The bowdlerised film was received with mixed critical reactions, and was banned in Finland. Alexander Walker, the influential film critic of the Evening Standard, despised it, and he and Russell had a heated conversation on the BBC over perceived inaccuracies in his damning review. When Russell said ‘I don’t make films for the critics, I make them for the public’, Walker sneered ‘The public isn’t all that grateful, especially in America.’ Russell responded ‘Then go to America, and write for the f****ing Americans’, before hitting Walker over the head with a rolled-up copy of the Standard. This led to massed complaints from the public, not for Russell assaulting Walker, but for his swearing before doing so. Life had once again imitated art.
Despite Walker’s comments, the film proved to be a reasonable financial success, and won the prestigious Best Director award at the Venice Film Festival. Yet it continued to frustrate those who had been involved with it, not least Russell, who maintained that the censored version of The Devils was not the film that he had intended to make.
It therefore proved a revelation that, in the early 2000s, the film critic Mark Kermode discovered the surviving footage of the censored scenes, which was then shown publicly for the first time in the 2004 documentary Hell on Earth: The Desecration and Resurrection of the Devils. Even by the standards of what had been shown in cinema in the intervening three decades, the Rape of Christ scene retained its power to shock. When Russell watched it again, he sardonically commented ‘I can’t imagine why they cut it, save that it’s one of the most mind-blowing scenes ever censored.’
The obvious next step would have been for Warner Bros to release an uncut and restored version of the film, given the continued interest in Russell’s vision. Yet despite numerous reissues of The Devils on both DVD and streaming formats, the only edit of the film that is currently available remains the censored theatrical cut. From both a cinematic and social perspective, this is a considerable pity.

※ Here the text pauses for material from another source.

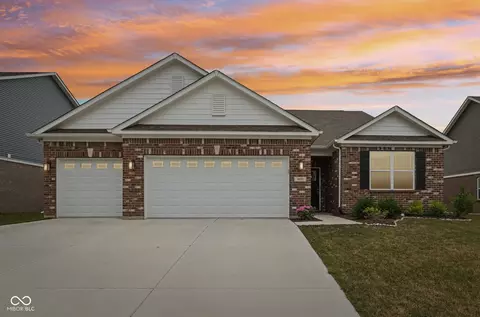4631 W Tradwell Dr, New Palestine, IN 46163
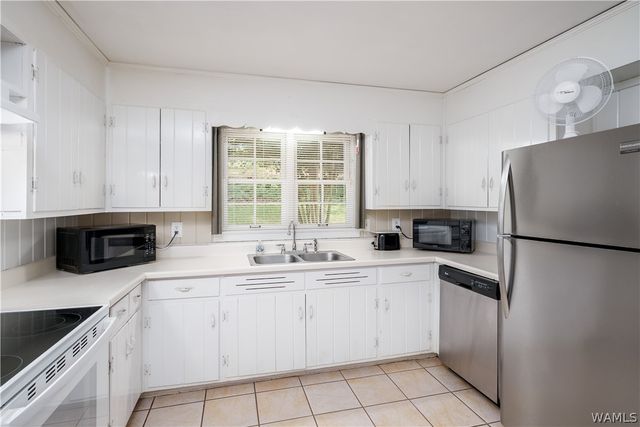 10 Hickory, Tuscaloosa, AL 35404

Although Russell’s film does not have the profile of such similarly controversial films as The Exorcist and A Clockwork Orange, its depiction of evil is every bit as unflinching. Now would seem the time to allow adult audiences to watch The Devils, 50 years after its original release, and make up their own minds as to its intentions and integrity. As Sutton said, ‘I don’t understand this ludicrous idea that you can control what people see, what people think, what people read….you end up with Nazi Germany.’
At a time when the iniquities of cancel culture are in full swing, it is surely right that Russell’s vision of another age retains its place as a sinister warning from history. If it is ever released in its full version, The Devils should rightly be regarded as a disturbing classic, rather than the compromised but fascinating work that is currently available. For the sake of cineastes everywhere, let us hope that someone, somewhere, can see sense. Otherwise, we’ll all be damned.